Her şey televizyonun başının altından çıktı. Evlere bir girdi, ne saygı kaldı ne sevgi. Baş köşeye kurulduğu yetmedi; kadını kocasına, kaynanayı gelinine karşı kışkırttı. “Hey sen çocuk!” dedi, “boş ver annenle babanın söylediklerini, benim sözümü dinle!”Cep telefonuyla konuştukça yalnızlaşmıyor muyuz? Cepten mesajlaştıkça yalnızlığa itilmiyor muyuz?

Messenger, Skype, Gtalk, ICQ kullandıkça yalnızlaşmıyor muyuz? E.posta yazdıkça yalnızlığa itilmiyor muyuz?

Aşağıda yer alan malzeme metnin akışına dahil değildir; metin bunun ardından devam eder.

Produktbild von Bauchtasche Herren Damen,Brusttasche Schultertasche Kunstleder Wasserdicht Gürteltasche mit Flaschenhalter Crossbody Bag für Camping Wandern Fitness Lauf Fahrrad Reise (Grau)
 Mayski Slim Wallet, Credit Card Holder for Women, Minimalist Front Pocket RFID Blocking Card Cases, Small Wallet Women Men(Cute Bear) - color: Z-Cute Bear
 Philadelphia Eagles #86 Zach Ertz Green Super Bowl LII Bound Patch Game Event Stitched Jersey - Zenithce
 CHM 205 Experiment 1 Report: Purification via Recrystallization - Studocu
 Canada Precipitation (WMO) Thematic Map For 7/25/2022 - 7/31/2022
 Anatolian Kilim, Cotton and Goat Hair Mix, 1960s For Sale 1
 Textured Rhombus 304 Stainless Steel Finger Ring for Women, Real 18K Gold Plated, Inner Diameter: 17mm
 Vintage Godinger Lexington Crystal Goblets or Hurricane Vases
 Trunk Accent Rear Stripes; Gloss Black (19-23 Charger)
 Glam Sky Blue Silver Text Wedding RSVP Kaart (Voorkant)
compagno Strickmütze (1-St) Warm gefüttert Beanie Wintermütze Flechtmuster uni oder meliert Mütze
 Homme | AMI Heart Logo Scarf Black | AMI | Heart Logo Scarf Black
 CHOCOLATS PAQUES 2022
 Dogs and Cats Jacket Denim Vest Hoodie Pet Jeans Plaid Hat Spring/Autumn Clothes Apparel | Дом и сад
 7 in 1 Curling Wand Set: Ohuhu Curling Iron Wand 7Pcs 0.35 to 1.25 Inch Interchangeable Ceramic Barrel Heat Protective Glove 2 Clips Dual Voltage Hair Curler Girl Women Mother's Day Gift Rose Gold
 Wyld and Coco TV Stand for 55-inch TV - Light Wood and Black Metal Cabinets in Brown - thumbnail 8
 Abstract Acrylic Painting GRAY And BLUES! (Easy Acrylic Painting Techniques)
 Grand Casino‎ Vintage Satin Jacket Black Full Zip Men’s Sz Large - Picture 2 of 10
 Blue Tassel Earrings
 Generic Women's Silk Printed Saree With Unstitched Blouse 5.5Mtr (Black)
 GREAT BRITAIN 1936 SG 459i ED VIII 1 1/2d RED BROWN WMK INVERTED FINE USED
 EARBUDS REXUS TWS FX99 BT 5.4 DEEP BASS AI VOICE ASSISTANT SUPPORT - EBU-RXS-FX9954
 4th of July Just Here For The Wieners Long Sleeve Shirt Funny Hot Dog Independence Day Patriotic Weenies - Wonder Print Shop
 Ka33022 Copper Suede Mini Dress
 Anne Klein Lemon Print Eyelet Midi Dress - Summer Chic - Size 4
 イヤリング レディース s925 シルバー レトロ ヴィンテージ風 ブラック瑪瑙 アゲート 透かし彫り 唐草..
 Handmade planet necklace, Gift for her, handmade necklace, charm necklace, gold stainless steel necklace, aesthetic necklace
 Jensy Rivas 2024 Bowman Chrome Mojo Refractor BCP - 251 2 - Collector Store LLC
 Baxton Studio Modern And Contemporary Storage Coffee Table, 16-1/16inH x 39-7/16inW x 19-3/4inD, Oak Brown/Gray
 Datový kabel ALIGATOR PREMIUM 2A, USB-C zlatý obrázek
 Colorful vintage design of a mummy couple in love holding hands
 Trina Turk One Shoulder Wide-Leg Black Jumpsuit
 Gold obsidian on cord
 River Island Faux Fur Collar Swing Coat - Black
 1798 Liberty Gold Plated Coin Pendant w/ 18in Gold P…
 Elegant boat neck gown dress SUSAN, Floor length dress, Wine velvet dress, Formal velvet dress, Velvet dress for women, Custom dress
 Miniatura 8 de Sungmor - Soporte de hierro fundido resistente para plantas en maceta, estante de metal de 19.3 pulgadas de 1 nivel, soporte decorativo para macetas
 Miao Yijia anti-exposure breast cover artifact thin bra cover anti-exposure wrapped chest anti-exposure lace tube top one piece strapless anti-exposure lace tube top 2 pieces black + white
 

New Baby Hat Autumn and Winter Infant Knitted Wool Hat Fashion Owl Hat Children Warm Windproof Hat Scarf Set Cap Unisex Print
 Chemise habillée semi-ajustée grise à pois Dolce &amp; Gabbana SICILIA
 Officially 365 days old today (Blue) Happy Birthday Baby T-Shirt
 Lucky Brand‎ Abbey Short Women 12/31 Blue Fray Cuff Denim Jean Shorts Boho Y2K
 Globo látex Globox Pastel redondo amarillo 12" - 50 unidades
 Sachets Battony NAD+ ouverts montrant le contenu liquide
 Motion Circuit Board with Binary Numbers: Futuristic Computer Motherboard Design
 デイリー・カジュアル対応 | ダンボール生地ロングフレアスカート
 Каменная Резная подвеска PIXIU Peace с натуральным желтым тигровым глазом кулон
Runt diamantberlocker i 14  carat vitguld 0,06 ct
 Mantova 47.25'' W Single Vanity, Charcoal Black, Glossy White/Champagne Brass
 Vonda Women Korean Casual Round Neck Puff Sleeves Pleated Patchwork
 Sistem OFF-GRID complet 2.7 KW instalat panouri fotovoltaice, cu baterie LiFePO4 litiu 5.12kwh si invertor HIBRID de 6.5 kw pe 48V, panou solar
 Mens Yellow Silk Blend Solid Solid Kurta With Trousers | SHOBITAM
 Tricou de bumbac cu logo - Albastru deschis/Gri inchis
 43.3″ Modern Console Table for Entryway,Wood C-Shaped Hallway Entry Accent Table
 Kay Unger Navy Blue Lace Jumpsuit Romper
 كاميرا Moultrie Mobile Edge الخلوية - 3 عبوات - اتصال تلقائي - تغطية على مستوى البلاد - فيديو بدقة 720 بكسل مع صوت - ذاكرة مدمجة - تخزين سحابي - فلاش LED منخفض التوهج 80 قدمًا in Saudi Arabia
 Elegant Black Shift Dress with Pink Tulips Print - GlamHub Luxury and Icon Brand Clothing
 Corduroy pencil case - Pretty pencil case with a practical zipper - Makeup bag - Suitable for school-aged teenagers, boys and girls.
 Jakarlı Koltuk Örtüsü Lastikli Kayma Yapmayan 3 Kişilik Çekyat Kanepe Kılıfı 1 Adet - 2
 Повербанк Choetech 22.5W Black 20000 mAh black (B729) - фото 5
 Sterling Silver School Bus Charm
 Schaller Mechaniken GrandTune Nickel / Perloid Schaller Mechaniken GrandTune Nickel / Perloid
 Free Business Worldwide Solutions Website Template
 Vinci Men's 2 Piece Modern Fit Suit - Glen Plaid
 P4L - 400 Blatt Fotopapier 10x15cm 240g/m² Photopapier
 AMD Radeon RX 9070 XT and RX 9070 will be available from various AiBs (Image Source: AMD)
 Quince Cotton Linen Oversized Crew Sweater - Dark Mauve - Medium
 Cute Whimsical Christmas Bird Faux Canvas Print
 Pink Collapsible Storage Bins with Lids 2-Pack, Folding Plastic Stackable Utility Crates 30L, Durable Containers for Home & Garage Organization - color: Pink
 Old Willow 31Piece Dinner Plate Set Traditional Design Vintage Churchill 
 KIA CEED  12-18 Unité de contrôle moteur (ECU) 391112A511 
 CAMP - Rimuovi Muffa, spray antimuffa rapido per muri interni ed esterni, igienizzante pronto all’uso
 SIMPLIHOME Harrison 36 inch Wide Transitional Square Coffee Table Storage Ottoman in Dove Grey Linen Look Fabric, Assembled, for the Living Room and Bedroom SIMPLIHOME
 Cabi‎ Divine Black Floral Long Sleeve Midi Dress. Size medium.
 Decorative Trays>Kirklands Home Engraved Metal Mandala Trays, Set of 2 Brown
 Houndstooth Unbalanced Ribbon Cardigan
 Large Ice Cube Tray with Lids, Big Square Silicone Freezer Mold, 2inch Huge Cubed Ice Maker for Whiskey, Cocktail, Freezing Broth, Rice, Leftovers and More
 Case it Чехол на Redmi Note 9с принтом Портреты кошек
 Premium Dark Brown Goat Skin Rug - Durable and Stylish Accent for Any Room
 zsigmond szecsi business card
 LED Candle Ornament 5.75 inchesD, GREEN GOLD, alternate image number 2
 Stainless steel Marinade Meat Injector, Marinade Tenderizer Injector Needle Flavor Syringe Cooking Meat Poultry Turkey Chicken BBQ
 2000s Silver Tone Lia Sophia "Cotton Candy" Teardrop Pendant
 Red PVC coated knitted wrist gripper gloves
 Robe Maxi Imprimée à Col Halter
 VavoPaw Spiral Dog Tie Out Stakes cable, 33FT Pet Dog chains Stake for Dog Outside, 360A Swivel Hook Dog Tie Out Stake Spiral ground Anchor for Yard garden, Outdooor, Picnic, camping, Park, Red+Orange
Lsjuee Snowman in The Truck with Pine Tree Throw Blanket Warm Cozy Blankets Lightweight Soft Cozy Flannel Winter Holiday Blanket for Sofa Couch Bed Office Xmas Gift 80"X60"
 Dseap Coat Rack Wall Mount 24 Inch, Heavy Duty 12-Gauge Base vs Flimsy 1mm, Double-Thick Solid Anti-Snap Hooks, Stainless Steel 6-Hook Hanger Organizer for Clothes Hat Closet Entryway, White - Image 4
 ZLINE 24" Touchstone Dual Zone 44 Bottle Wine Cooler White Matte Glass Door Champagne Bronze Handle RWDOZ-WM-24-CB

70 ekranı, plazması, LCD’siyle televizyonlar; uydusu, Digiturk’u, d-samrt’ıyla kanallar; webcamıyla, mikrofonuyla, milyonlarca sitesiyle internet; hatlısı hatsızı, 10 dakikası 2 kontörüyle, 250 kontöre 100 sms hediyesiyle GSM operatörleri; kameralısı, WAP’lısı, GPRS’lisi, bluetooth’lusu, “canı sıkılan bir adam”ıyla cep telefonları hepten koparmıyor mu bizi hayattan, kalabalıklardan, sevdiklerimizden. Uzakları bu kadar yakın etmek, her şeye ve herkese böylesine ulaşılabiliyor olmak büyük bir kolaylık, akıl almaz bir nimet midir acaba…

Geçen Pazar önce Harun geldi Manisa‘dan. Çok şaşırdım ve mutlu oldum. Akşamları telefonda konuştuğumuzdan daha çok konuştuk. Sonra Mutlu geldi İzmir‘den. Arka arkaya iki sürpriz. İnternette yazışmalar kısırdı Mutlu’yla. Yüz yüze öyle çok sohbet ettik ki. Aynı günün üçüncü sürprizi Mehmet‘ti. Fransa‘dan tatile gelmişti. Mehmet’le internet teknolojisi bile buluşturamıyordu bizi. Yılların hasretini giderdik. Bunu ne sms’ler, ne e.postalar ne de webcamlar yapabilirdi.